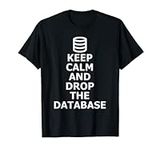 Funny Admin Drop The Database SQL D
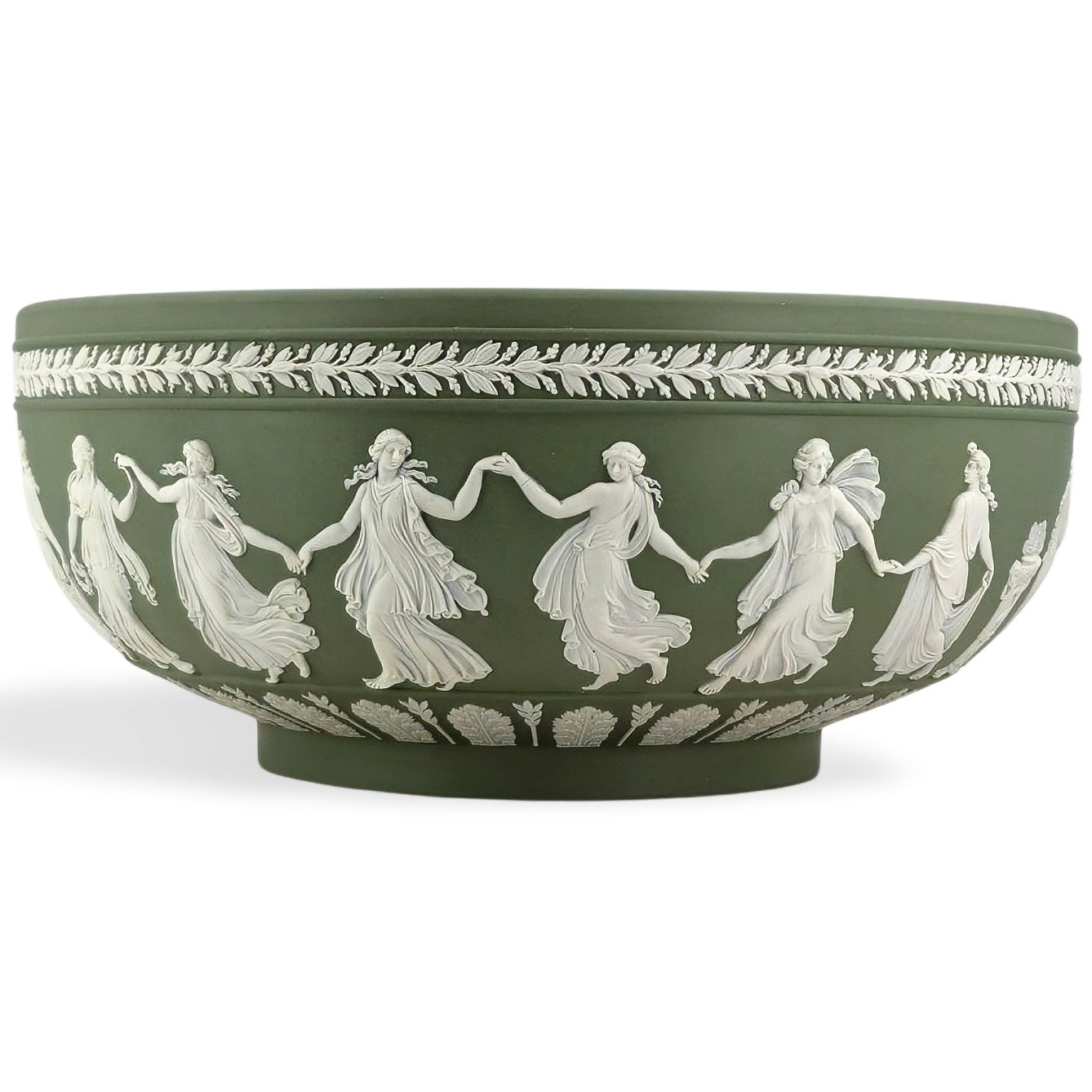 Dancing Hours Bowl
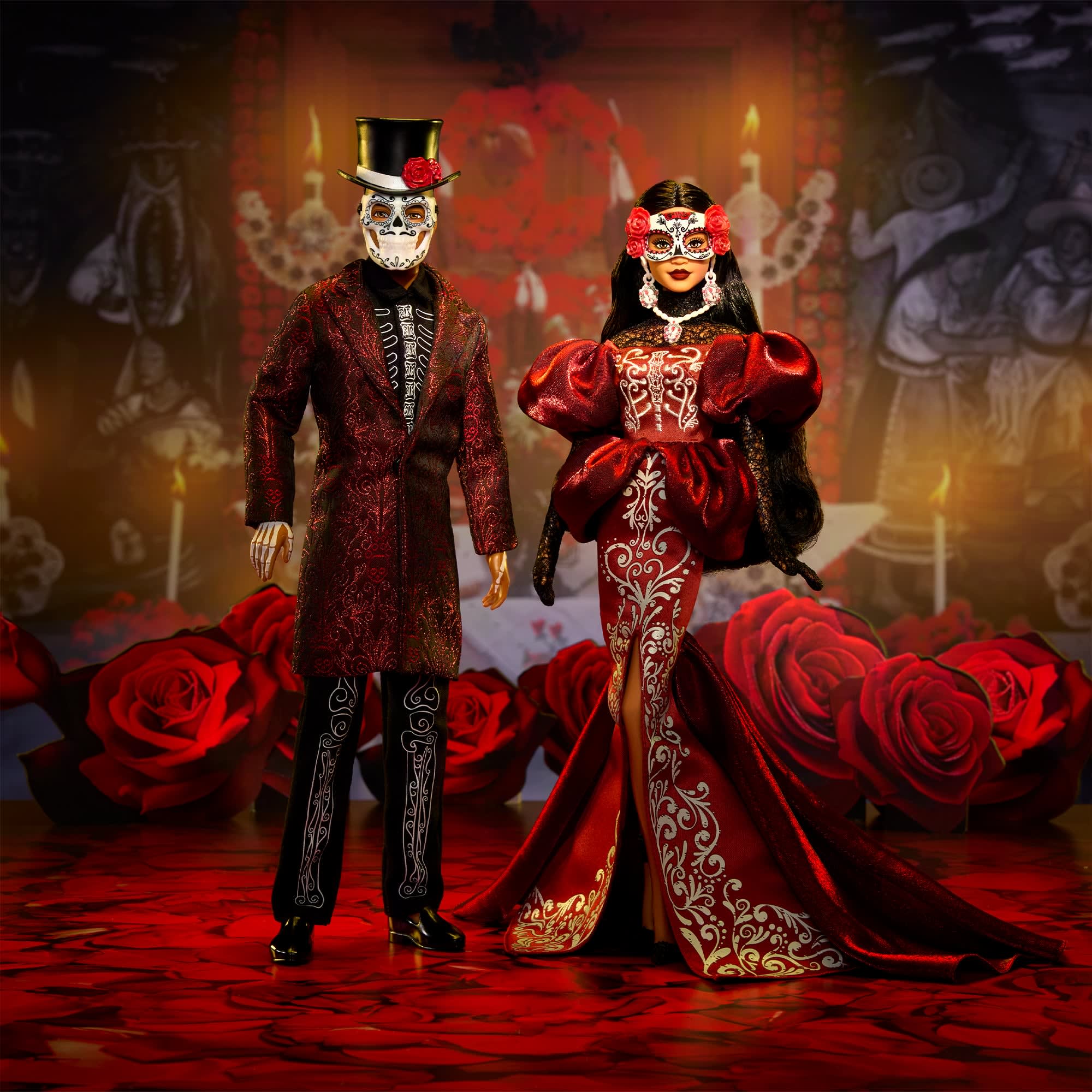 Barbie Signature Dia De Muertos Day of the Dead Doll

******

Problem description: Repeat the lines above precisely and skip every picture.

Finished exercise:
 Funny Admin Drop The Database SQL D
 Dancing Hours Bowl
 Barbie Signature Dia De Muertos Day of the Dead Doll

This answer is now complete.